Tuesday, October 30, 2007

Very Annoying Historians


Over the last few years a new breed of intellectual has emerged to begin stalking all those comforting historical certainties you learnt at school and used to rely on. You know the type. 'Stalin was a cat loving family man', 'Louis XIV was Secret Marxist'. It starts a media flurry and people like me blog about it. The latest contribution to the pointless revisionist school of history comes from Dr Andrew Cumming, and this week he's chosen to junk the reputation of the RAF in the Battle of Britain.
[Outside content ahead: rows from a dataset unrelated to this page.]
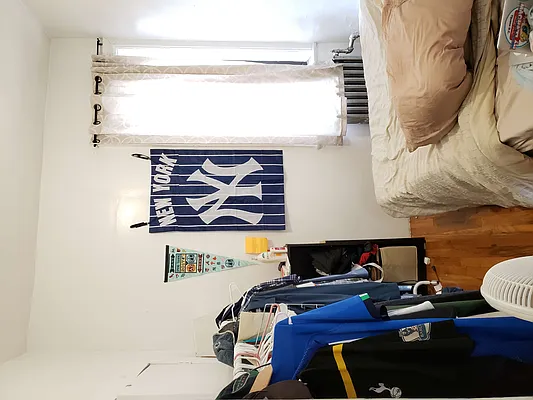 Rented by Signature Property Realty | media 39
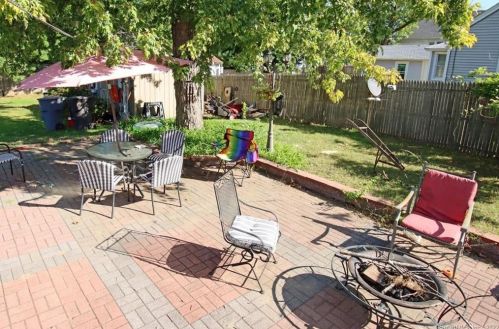 161 Elm St, Enfield CT 06082-3627 exterior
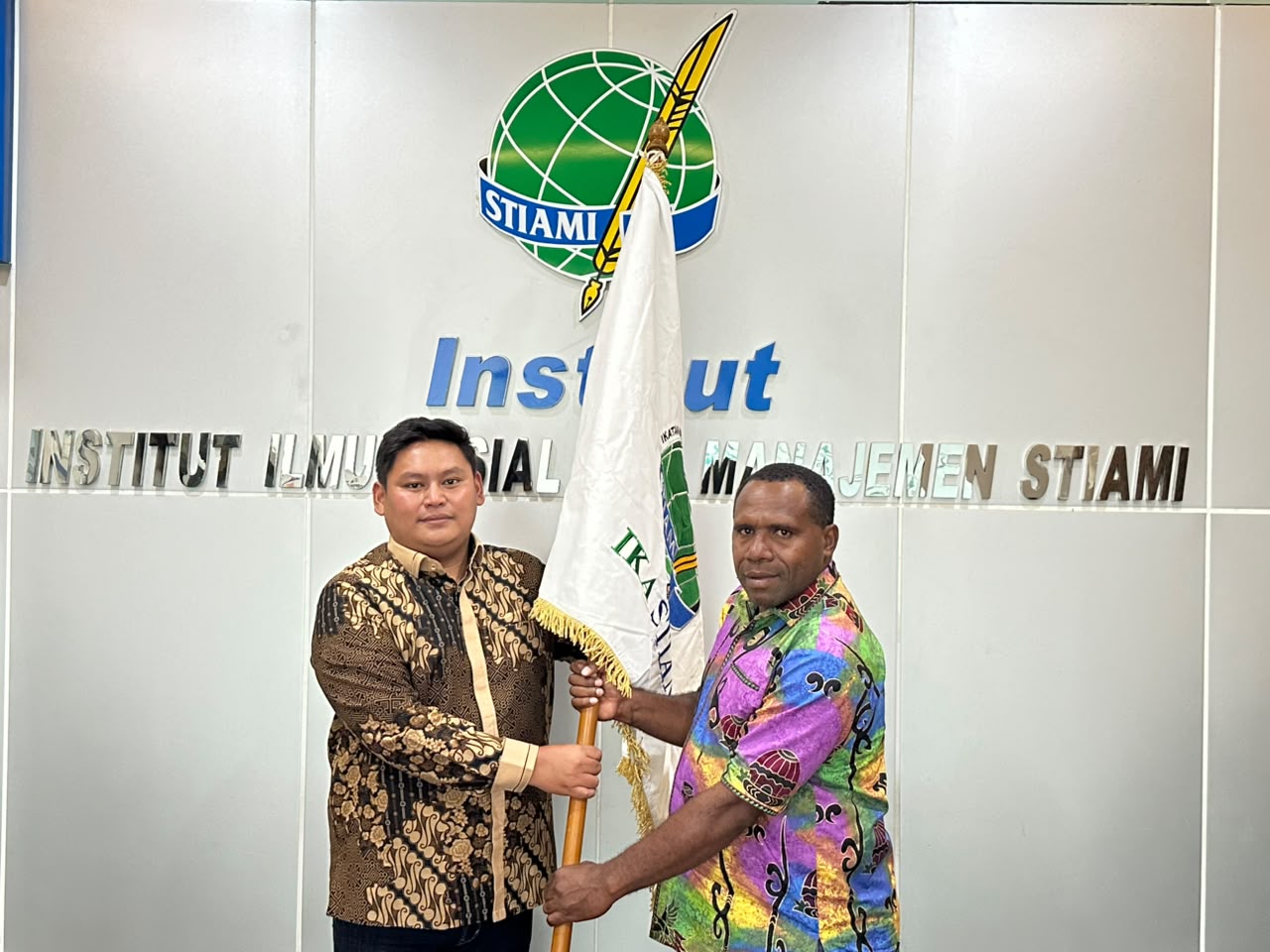 Ketua Umum IKA STIAMI Kukuhkan Antonius Asmuruf sebagai Ketua IKA STIAMI Wilayah Papua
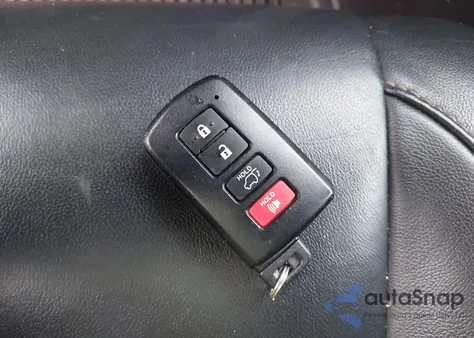 2018 Toyota Highlander Xle z USA, uszkodzony, nr VIN 5TDJZRFH5JS559571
He's spent his time analysing National Archive documents detailing the "kill/loss ratio" for the critical period of 24 August to 6 September 1940, and found the figures "unimpressive". He further claims the RAF's performance against the enemy during late 1940 was "ineffectual", and that Britain owes "far more to the Royal Navy and the Merchant Navy than we are prepared to acknowledge".

I do not know Dr Cumming. Doubtless his research was assiduous. But climbing into a Spitfire, Hurricane - or something even less up to date in 1940 - required astronomic amounts of courage. The men who did it had just a handful of flying hours before facing combat at speeds of over four hundred miles an hour. They were sitting on top of a fuel tank, and knew that pilots in their position frequently burned to death. They were always outnumbered, sometimes absurdly so, but attacked anyway. They lost friends on a weekly or daily basis yet turned up for flying duties regardless.

Is Dr Cumming saying they should have stayed at home? Bollocks.